SafetyNets: Verifiable Execution of Deep Neural Networks on an Untrusted Cloud
发表信息
作者
- Zahra Ghodsi
- Tianyu Gu
- Siddharth Garg
笔记
Inference using deep neural networks is often outsourced to the cloud since it is a computationally demanding task. However, this raises a fundamental issue of trust. How can a client be sure that the cloud has performed inference correctly? A lazy cloud provider might use a simpler but less accurate model to reduce its own computational load, or worse, maliciously modify the inference results sent to the client. We propose SafetyNets, a framework that enables an untrusted server (the cloud) to provide a client with a short mathematical proof of the correctness of inference tasks that they perform on behalf of the client. Specifically, SafetyNets develops and implements a specialized interactive proof (IP) protocol for verifiable execution of a class of deep neural networks, i.e., those that can be represented as arithmetic circuits. Our empirical results on three- and four-layer deep neural networks demonstrate the run-time costs of SafetyNets for both the client and server are low. SafetyNets detects any incorrect computations of the neural network by the untrusted server with high probability, while achieving state-of-the-art accuracy on the MNIST digit recognition (99.4%) and TIMIT speech recognition tasks (75.22%).

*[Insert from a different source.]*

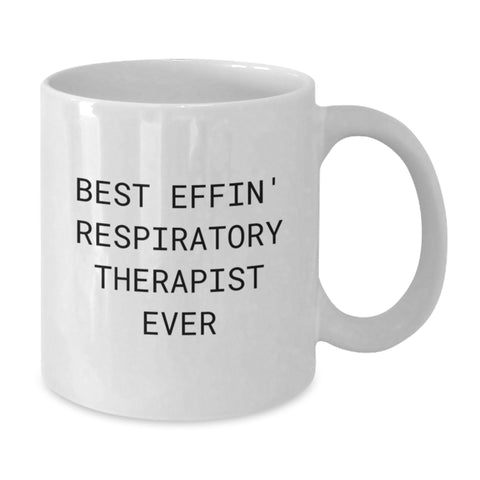 Image of Funny Respiratory Therapist Gifts from Friends Birthday Unique Mugs, Best Effin' Respiratory Therapist Ever Inspirational White Coffee Mug for Men Women Coworkers - Additional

深度神经网络的推断通常被外包给云端,因为这是一项计算密集型任务。然而,这引发了一个根本性的信任问题。客户如何能够确保云端正确地执行了推断?一个懒惰的云服务提供商可能会使用一个更简单但准确性较低的模型,以减少自身的计算负担,或者更糟糕的是,恶意修改发送给客户的推断结果。我们提出了SafetyNets,一个框架,使不可信的服务器(云端)能够为客户提供推断任务正确性的简短数学证明,这些任务是其代表客户执行的。具体而言,SafetyNets开发并实现了一种专门的交互式证明(IP)协议,用于可验证执行一类深度神经网络,即那些可以表示为算术电路的网络。我们在三层和四层深度神经网络上的实证结果表明,SafetyNets对客户和服务器的运行时间成本均较低。SafetyNets以高概率检测不可信服务器对神经网络的任何错误计算,同时在MNIST数字识别(99.4%)和TIMIT语音识别任务(75.22%)上实现了最先进的准确率。